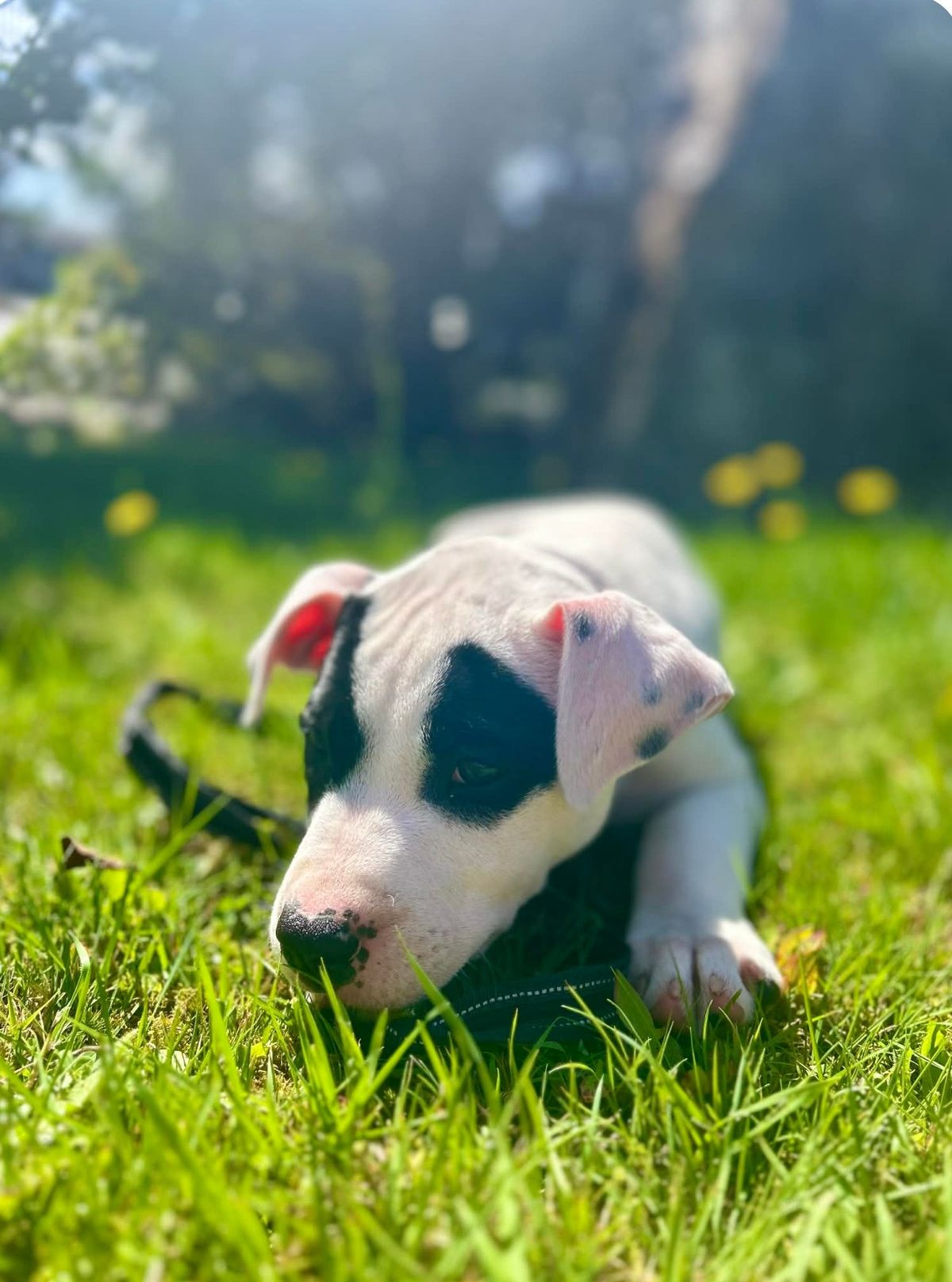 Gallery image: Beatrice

--

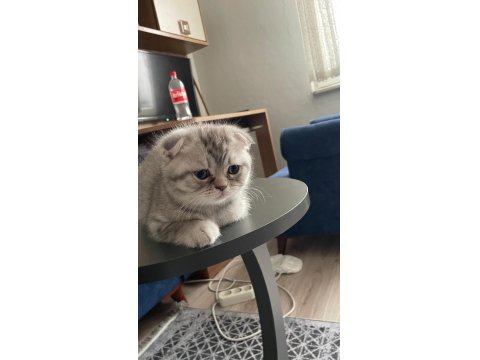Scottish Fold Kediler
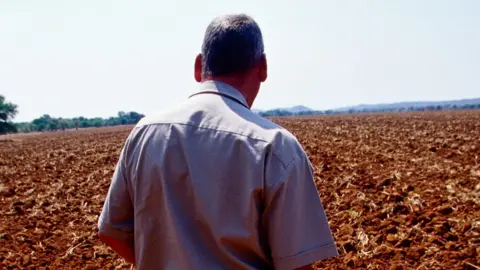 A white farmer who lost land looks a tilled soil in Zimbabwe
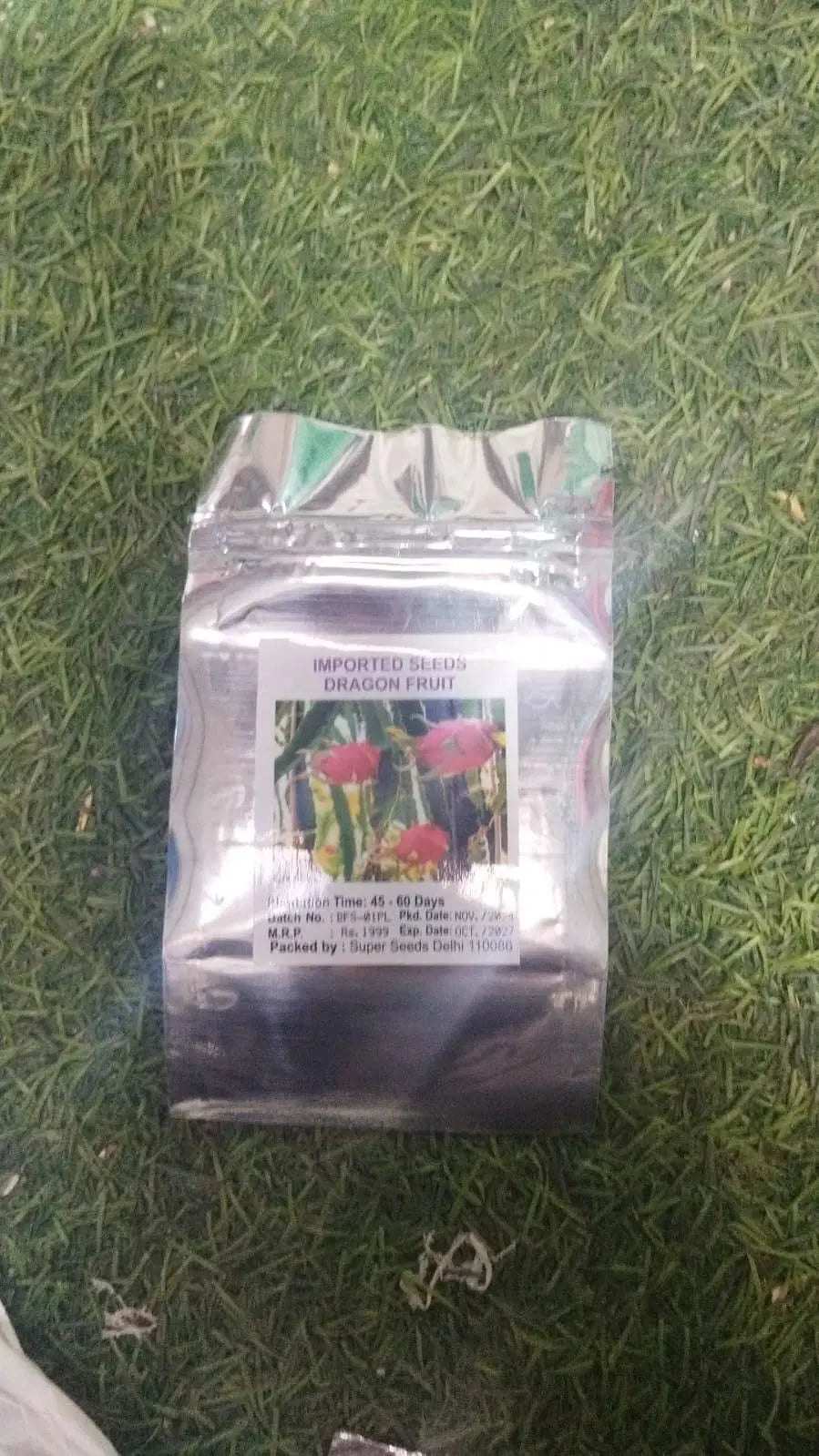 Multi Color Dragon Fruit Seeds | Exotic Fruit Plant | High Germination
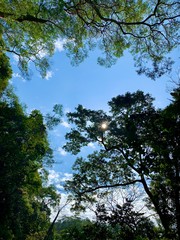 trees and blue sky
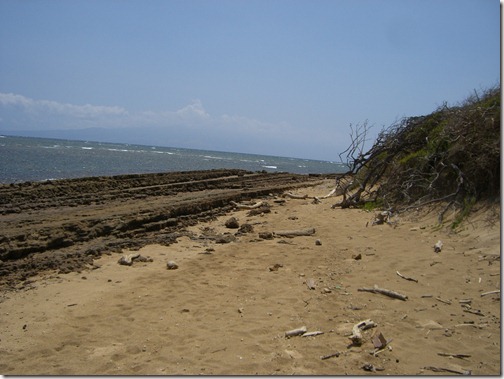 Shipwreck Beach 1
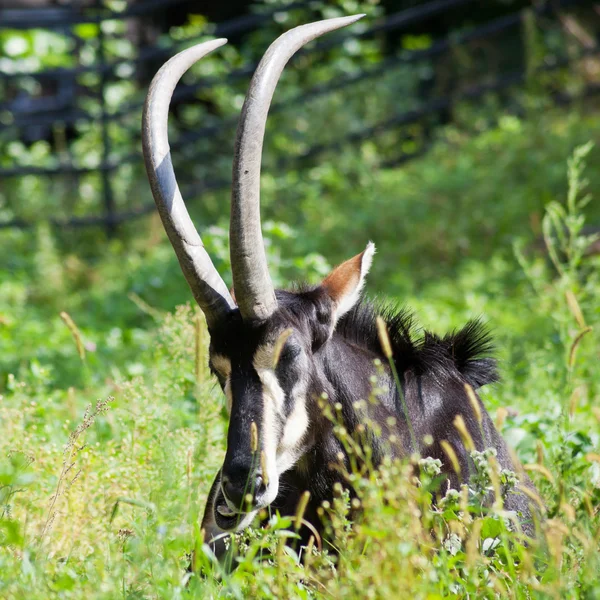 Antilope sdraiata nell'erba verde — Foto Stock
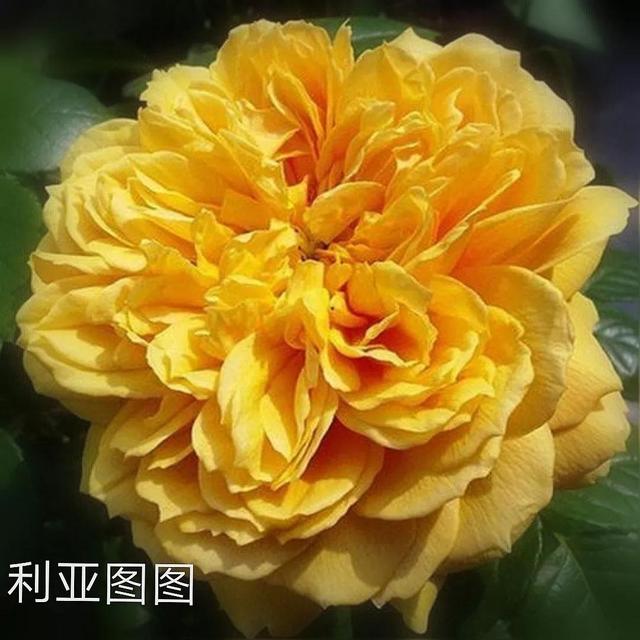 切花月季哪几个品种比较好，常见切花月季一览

• **TASK DESCRIPTION**: From the listing above, repeat only the lines between the line containing "Scottish Fold Kediler" and the line containing "切花月季哪几个品种比较好，常见切花月季一览", those two included. Pictures are not part of the copy.

• **RESULT BELOW**:
Scottish Fold Kediler
 A white farmer who lost land looks a tilled soil in Zimbabwe
 Multi Color Dragon Fruit Seeds | Exotic Fruit Plant | High Germination
 trees and blue sky
 Shipwreck Beach 1
 Antilope sdraiata nell'erba verde — Foto Stock
 切花月季哪几个品种比较好，常见切花月季一览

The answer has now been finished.